Dad’s Story, part 4, Only Potatoes, then Nothing

April 30th, 2014

Homestead-painting-650

Here’s the painting Dad made from a photo he took many years later. By then there was nothing left of the buildings his dad built. The one time I visited, it didn’t look this green. As far as I know even today it is as desolate and uninhabited as ever, and not a place where you want to run out of food.

The following entry is from another remembrance, supplied by Orrelle, one of Dad’s two younger sisters. Interesting that Dad never mentioned it.

It was late summer or early fall, before we girls were born. Mom told me how she and the five boys were out on the homestead and food was running low. Burwin was 6 months old, so that would make Muriel 2, Sterling 4, Hyatt 6, and Comer 8. Pop was away, as he usually was, working or trying to get work on the railroad.

Finally they were out of everything but potatoes for over a week and then down to nothing. That’s when they got news by a passing sheepherder that some supplies had been left at GP-16, by the oil wells.

But Mom had a problem. She couldn’t go herself as she would have to take Muriel and baby Burwin. So early the next morning she sent Comer and Hyatt with the cart and horse, the only transportation they had. She waited all day, still without food, and now beginning to get worried.

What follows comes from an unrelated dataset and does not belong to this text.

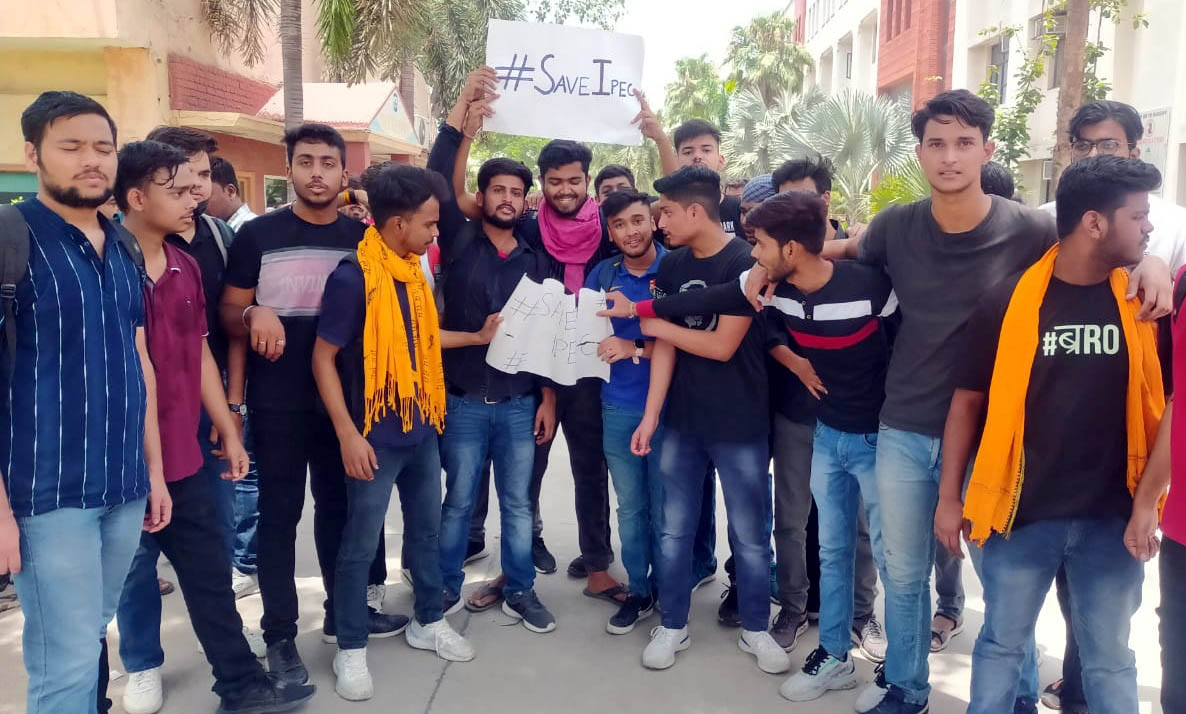 इंद्रप्रस्थ इंजीनियरिंग कॉलेज बंद होने की सूचना पर छात्रों ने किया धरना-प्रदर्शन इंद्रप्रस्थ इंजीनियरिंग कॉलेज बंद होने की सूचना पर छात्रों ने किया धरना-प्रदर्शन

Then in the late afternoon Comer came riding in on the horse. He was lugging a wheel from the cart. It had broken out on the sand dunes and he had left Hyatt to guard the groceries.

Mom put Muriel and Burwin to bed (again without supper) and told Sterling he was in charge. He was 4. She told him to lock the door and not open it until she returned. Then she found another wheel somewhere and returned with Comer to where Hyatt was dutifully guarding the groceries.

By the time they got back to the homestead it was quite late and dark. They banged on the door but the only one they could raise was Muriel, but at 2 he was too little to unlock the door. They finally pushed Hyatt in through a window!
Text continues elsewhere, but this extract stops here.